An effective method for grievance redressal and the ability to make people accountable are two adjustments that should be made to the Act. An all-party conflict resolution mechanism that includes employees, employers, and official representatives from the relevant governments might be another improvement specially for the unorganized sector. This addition will prevent the resources of all parties involved in the unorganized sector from undergoing litigation proceedings. Setting up worker assistance centres with contemporary facilities would be a further but more idealistic step that would allow for the provision of updated information regarding labour laws and the rights of undocumented employees as well as the ability to meet their requirements whenever needed.
The list of unorganised workers in India appears to go on indefinitely.

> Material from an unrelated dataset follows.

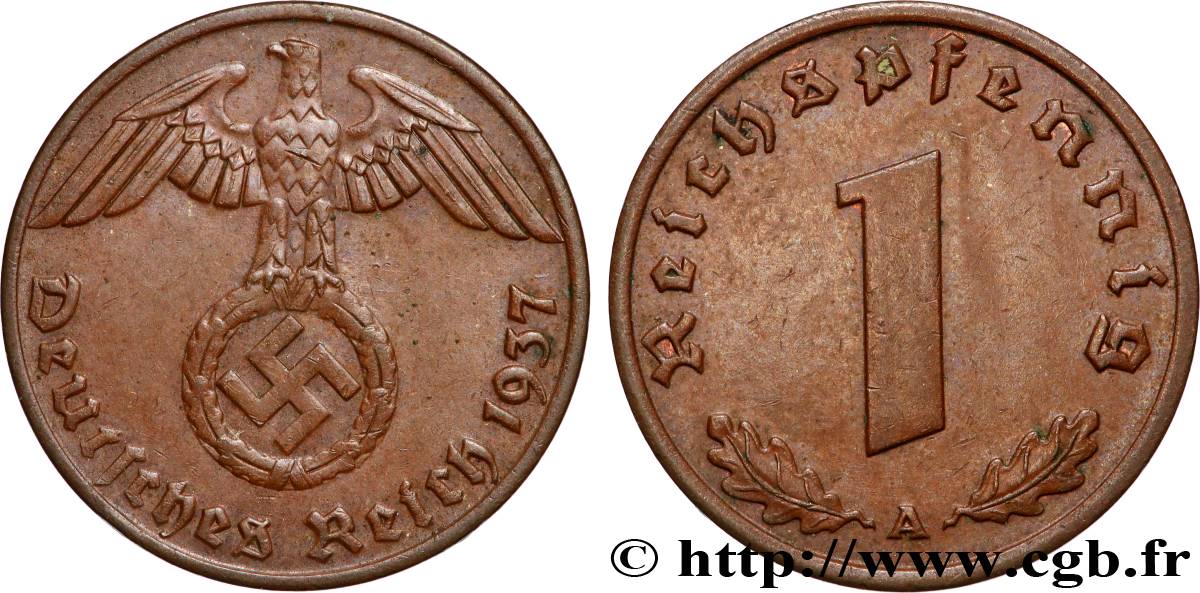 GERMANY 1 Reichspfennig 1937 Berlin AU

If some ambiguities in primary legislation, such as the Unorganized Worker’s Social Security Act of 2008, are resolved, the immediate actions might be seen as a first step. The demands are rather great. Lack of adequate legislation, poor execution of current laws and programmes, and low investment are the main areas of concern for enhancing distribution policy.
We must recognise social security as a system that offers comprehensive security for a person in the family and at work, rather than viewing illness or starvation as an unpredictable part of life. It must contain provisions intended to guarantee that each person can achieve their fundamental requirements, such as access to clean water, enough nourishment, housing, and health care, as well as protections for childbirth, child care, disease, disability, death, unemployment, widowhood, and old age benefits. The goal must be to bring up a situation where everyone can maintain a living level that is appropriate and in line with societal standards.